Locate the string "approach" in the listing below. Copy every line where it is found.
(SUPPLIED ENTRIES begins)
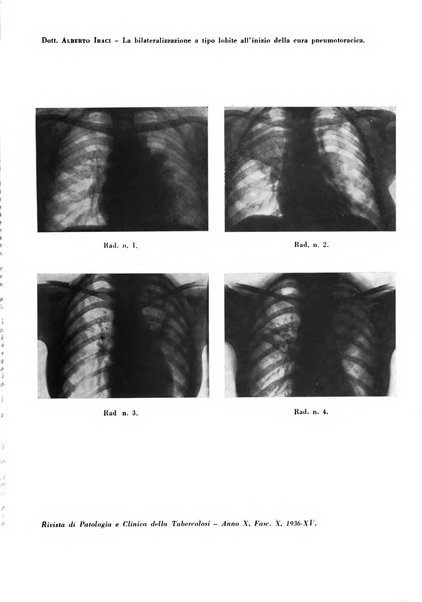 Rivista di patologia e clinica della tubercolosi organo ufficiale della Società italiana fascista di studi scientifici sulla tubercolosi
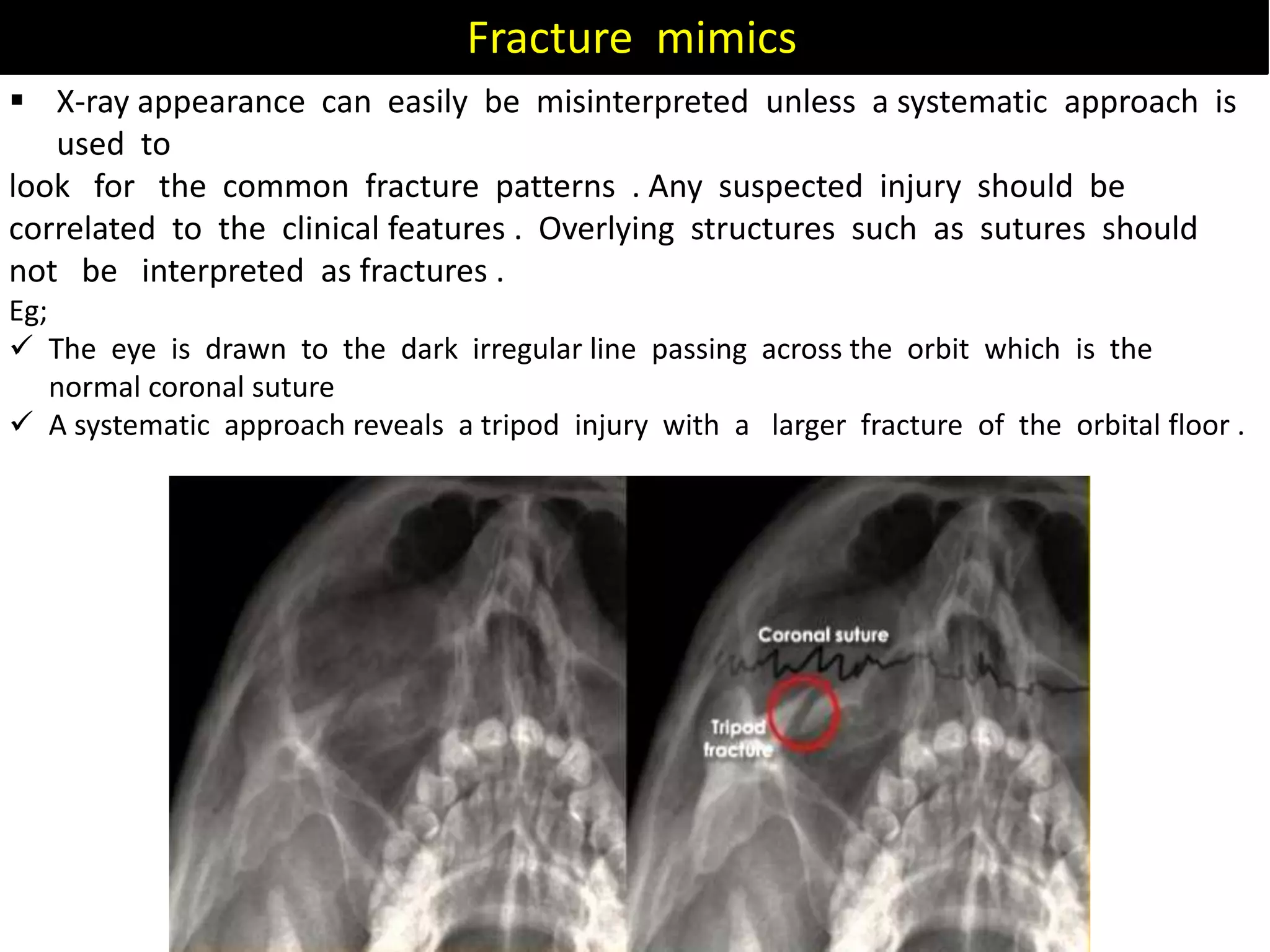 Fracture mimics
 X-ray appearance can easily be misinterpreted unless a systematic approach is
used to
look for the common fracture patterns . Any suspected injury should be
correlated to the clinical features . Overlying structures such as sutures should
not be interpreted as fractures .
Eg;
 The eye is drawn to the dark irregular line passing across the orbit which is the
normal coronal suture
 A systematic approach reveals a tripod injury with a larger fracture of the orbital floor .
(SUPPLIED ENTRIES ends)
(SUPPLIED ENTRIES begins)
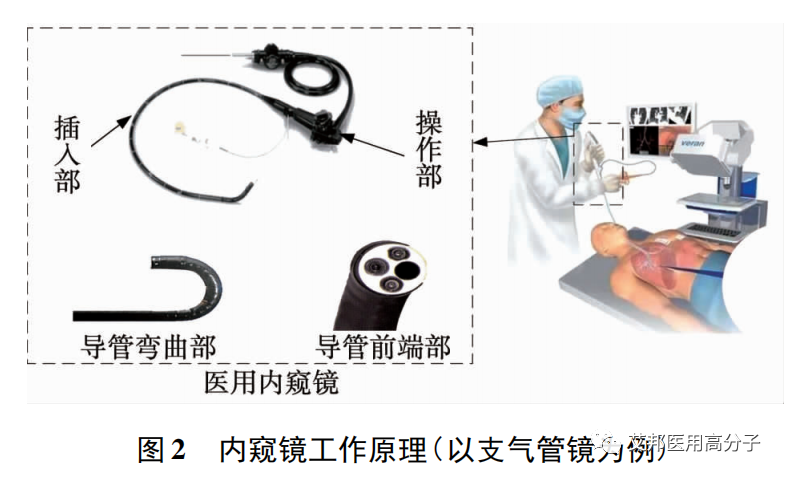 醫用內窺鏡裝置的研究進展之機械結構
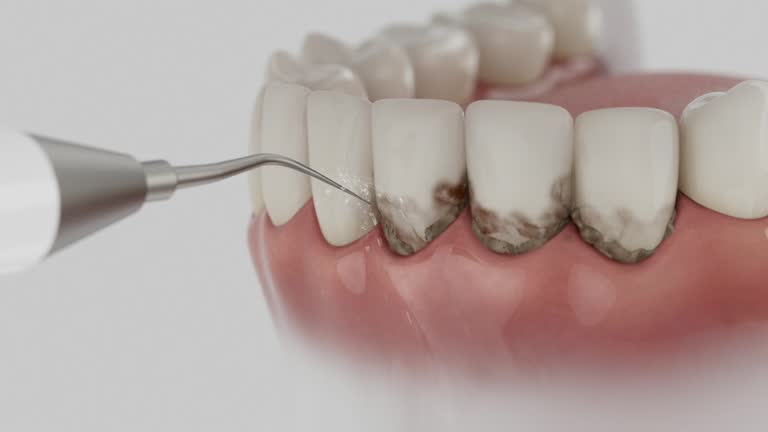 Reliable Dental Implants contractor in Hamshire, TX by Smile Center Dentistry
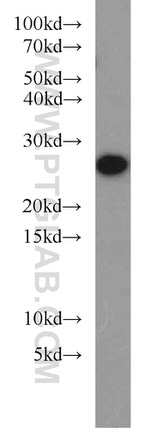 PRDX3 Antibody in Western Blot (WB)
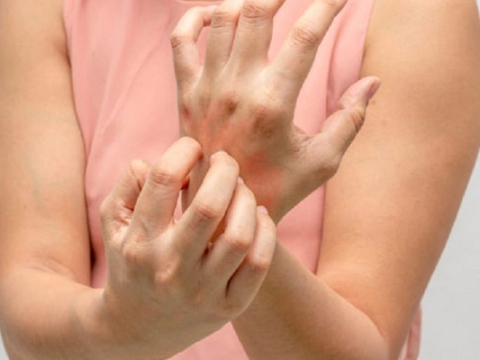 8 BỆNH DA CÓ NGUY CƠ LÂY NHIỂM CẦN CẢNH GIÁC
(SUPPLIED ENTRIES ends)
(SUPPLIED ENTRIES begins)
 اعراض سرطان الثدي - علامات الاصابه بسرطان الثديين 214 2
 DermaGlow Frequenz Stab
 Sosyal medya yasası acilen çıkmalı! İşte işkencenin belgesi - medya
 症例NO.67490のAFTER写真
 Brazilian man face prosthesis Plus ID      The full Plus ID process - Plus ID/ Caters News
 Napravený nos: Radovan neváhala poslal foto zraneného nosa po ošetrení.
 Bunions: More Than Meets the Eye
(SUPPLIED ENTRIES ends)
» EXPECTED ANSWER
 X-ray appearance can easily be misinterpreted unless a systematic approach is
 A systematic approach reveals a tripod injury with a larger fracture of the orbital floor .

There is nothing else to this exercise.